I found the Lao people to be the most fascinating part of traveling through Laos. I was happily surprised to see how rich their culture was and how so many people were still living according to their old traditions.
Laos is NOT known as the land of smiles, but the people here are still so special, and very genuine in their own way.
Below are 5 things that sum up my experience with the Lao people – and just to make sure, these are not facts but my own perception and experience from spending 3 weeks there.
1. Men Are Very Homely
It was a very common sight to see men of all ages carrying around babies on their backs and in their arms, feeding them, hushing them to sleep and just general baby sitting – without the mother in sight.
They really took time with their kids and gave them attention, playing with them.
They also seemed very interested in other people’s kids, always toddling with the babies when sharing a songtheaw (bus á la tuk tuk style) ride.
2. The Kids Are The Most Adorable I’ve Ever Met
I’ve never met so many kids in a country who shyly whisper or loudly yell ‘hello’ to you from the street, river, moped or home.
They were so curious, and those who were brave enough – smiled, laughed and said hello to you over and over again until you were out of sight.
You cannot help but to smile and say hello back …
3. The Bus Drivers Have a Death Wish
When I mentioned the things I’ve learnt about Thai people someone asked why I didn’t mention the driving.
The Thai people are known for their careless driving, and the streets there were chaos, but at least the bus drivers had some common sense.
In Laos – they didn’t.
70 people in a 50 seat bus does not make sense, especially when you’re not using your breaks on the steep, windy mountain roads…
Chickens and roosters on the road? Who cares, they had it coming! Feathers were constantly sweeping past our windows … travel around Laos really isn’t for the faint-hearted!
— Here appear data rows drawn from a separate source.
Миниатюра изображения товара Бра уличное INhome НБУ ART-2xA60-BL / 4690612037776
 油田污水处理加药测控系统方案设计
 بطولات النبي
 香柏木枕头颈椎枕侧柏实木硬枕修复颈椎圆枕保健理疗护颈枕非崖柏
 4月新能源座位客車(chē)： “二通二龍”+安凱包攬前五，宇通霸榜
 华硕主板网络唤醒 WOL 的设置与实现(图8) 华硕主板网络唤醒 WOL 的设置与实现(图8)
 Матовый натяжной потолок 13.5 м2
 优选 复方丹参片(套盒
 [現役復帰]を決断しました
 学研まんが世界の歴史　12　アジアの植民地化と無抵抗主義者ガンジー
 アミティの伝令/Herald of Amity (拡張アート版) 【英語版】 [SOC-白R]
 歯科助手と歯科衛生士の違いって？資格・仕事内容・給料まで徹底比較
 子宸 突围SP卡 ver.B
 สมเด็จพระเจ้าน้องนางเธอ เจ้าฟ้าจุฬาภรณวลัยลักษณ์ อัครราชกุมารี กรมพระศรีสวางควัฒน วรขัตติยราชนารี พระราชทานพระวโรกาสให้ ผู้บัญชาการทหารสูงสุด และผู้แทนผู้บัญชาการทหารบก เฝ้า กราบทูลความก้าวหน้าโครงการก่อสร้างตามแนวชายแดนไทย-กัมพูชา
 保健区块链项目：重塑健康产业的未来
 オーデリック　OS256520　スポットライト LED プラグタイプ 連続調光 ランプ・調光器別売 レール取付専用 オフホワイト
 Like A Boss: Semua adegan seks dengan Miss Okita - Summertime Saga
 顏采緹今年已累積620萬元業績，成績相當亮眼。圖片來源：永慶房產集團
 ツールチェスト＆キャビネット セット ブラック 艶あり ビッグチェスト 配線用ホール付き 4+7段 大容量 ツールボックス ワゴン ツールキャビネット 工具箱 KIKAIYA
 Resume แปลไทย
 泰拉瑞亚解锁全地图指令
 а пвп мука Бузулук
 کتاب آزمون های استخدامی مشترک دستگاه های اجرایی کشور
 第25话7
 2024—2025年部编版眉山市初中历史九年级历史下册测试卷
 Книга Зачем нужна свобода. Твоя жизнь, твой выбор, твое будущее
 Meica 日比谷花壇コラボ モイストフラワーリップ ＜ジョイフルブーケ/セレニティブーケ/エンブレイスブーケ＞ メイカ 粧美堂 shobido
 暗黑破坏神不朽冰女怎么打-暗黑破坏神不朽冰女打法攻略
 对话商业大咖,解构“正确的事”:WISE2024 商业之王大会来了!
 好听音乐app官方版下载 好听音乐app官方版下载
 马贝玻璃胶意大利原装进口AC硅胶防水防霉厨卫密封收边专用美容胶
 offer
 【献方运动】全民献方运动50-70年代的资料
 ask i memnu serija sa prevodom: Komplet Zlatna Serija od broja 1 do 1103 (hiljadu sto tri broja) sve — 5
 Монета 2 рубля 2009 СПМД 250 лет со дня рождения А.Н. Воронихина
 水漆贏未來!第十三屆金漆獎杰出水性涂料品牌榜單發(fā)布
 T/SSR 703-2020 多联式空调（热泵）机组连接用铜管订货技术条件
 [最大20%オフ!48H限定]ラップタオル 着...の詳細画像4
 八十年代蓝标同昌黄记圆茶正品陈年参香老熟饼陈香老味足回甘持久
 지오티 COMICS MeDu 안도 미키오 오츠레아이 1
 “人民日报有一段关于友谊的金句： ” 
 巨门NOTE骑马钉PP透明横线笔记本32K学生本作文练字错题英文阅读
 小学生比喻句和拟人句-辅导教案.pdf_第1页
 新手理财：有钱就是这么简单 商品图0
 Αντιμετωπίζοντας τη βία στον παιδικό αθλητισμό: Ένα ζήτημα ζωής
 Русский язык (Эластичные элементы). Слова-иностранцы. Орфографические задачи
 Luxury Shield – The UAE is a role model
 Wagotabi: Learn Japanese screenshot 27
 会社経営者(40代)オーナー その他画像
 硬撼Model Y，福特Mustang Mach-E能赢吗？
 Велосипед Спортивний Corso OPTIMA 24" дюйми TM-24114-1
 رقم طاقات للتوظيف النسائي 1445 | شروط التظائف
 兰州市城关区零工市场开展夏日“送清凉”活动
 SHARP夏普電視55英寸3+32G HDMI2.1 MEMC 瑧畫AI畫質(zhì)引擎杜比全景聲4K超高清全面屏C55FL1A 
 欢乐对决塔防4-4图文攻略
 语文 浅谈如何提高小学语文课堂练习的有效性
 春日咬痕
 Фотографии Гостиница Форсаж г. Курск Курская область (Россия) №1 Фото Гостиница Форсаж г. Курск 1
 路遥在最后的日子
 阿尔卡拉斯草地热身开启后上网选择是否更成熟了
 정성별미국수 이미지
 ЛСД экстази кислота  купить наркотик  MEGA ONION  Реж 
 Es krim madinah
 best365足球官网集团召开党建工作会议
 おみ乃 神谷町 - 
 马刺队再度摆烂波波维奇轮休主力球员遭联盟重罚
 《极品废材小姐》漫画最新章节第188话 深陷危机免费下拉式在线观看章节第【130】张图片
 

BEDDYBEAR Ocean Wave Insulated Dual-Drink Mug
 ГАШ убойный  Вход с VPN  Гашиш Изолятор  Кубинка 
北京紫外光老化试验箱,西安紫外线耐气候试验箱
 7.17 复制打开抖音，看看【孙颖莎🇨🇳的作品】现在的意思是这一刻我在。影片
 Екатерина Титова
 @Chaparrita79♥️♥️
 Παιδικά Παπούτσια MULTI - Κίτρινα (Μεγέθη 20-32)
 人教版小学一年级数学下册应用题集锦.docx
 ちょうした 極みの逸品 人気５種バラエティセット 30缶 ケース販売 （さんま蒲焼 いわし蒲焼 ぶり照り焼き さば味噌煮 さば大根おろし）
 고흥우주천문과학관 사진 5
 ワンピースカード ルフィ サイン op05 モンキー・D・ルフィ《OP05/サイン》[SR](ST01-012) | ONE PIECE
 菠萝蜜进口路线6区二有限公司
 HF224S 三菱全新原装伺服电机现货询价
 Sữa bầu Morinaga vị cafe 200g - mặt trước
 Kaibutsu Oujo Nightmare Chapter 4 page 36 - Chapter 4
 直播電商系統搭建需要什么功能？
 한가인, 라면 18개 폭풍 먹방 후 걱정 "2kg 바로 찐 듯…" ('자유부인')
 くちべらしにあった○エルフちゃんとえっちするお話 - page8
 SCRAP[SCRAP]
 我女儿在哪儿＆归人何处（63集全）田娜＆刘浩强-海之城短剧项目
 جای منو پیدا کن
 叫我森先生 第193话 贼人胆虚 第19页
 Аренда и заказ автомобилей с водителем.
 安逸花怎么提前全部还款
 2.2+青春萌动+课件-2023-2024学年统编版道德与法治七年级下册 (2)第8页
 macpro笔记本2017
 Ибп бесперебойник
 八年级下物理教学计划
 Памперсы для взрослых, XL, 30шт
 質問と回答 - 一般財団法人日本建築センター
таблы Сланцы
4. They Want To Avoid Any And All Confrontation
It’s not the most obvious friendliness and they don’t take you in with open arms, they are more stand-offish. However, if you gain a little bit of trust, you will see that they’re actually very friendly people.
They are also, like the Thai people, afraid of confrontations.
Sometimes it’s really refreshing, other times it’s really frustrating, especially when you just want to get a straight answer to a question.
Their way of dealing with it is usually to laugh it off as a joke – which makes for a pretty funny and confusing situation. You might not get a straight answer, but you always leave with a confused smile on your face.
5. Women And Men Work Together
Usually women and men have their own places in which they work; but in Laos the roles are very mixed.
The men and women work together.
It’s not uncommon to see men standing in stalls cooking street food and banana pancakes, and women working the street as road workers.
Both women and men work on tea and coffee plantations, and they both take care of the family.
It seemed as though they did what they were best at, if the man cooked better food, he was the chef, and vice versa.
Have you been to Laos? Can you relate to my experience, and what did you learn about Lao people?